→ Brief: Starting with the first line of the material, reproduce exactly each line up to and including the one that contains "COLLBATH 2pcs Handmade", leaving out every picture.

→ Dataset section:
***

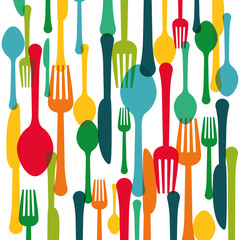 Sticker - assorted cutlery icons emblem  image vector illustration design 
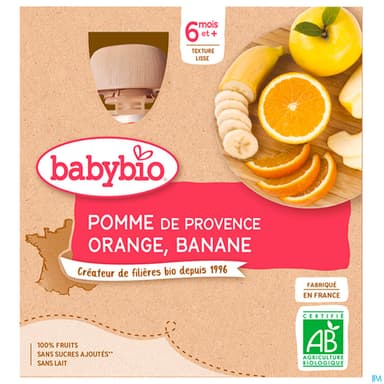 BABYBIO GOURD POM/ORANG/BANA 4X90G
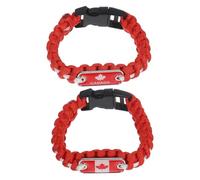 COLLBATH 2pcs Handmade Canadian Flag Survival Bracelet Seven-core Lightweight Comfortable Fit Multi-purpose Outdoor Wristband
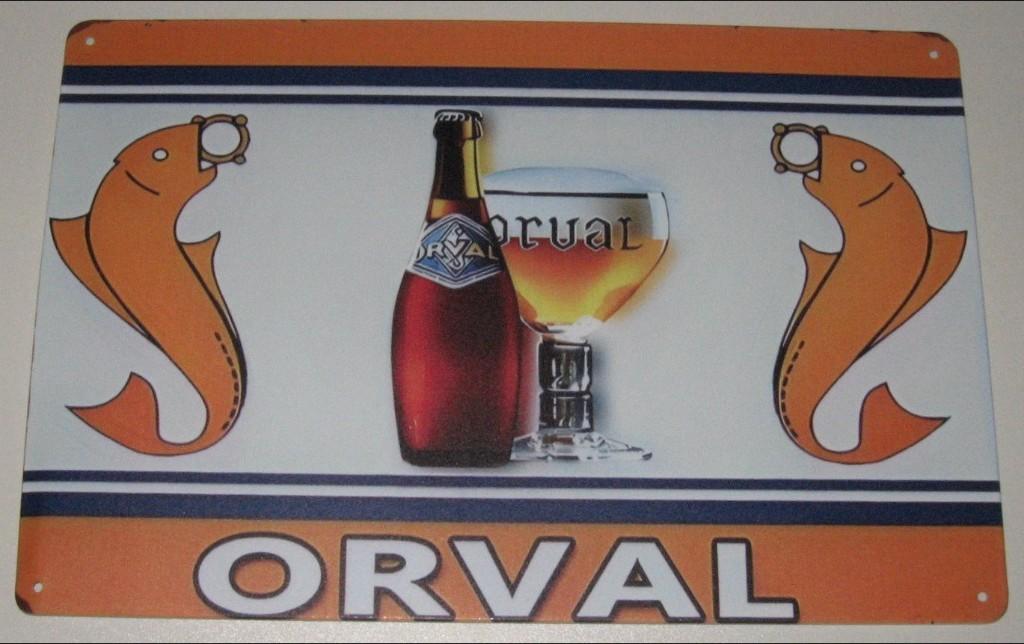 ORVAL BIER : Metalen Bord Orval Trappistenbier, Verzenden, Nieuw, Reclamebord, Plaat of Schild, Overige merken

***

→ Response to the exercise:
 Sticker - assorted cutlery icons emblem  image vector illustration design 
 BABYBIO GOURD POM/ORANG/BANA 4X90G
 COLLBATH 2pcs Handmade Canadian Flag Survival Bracelet Seven-core Lightweight Comfortable Fit Multi-purpose Outdoor Wristband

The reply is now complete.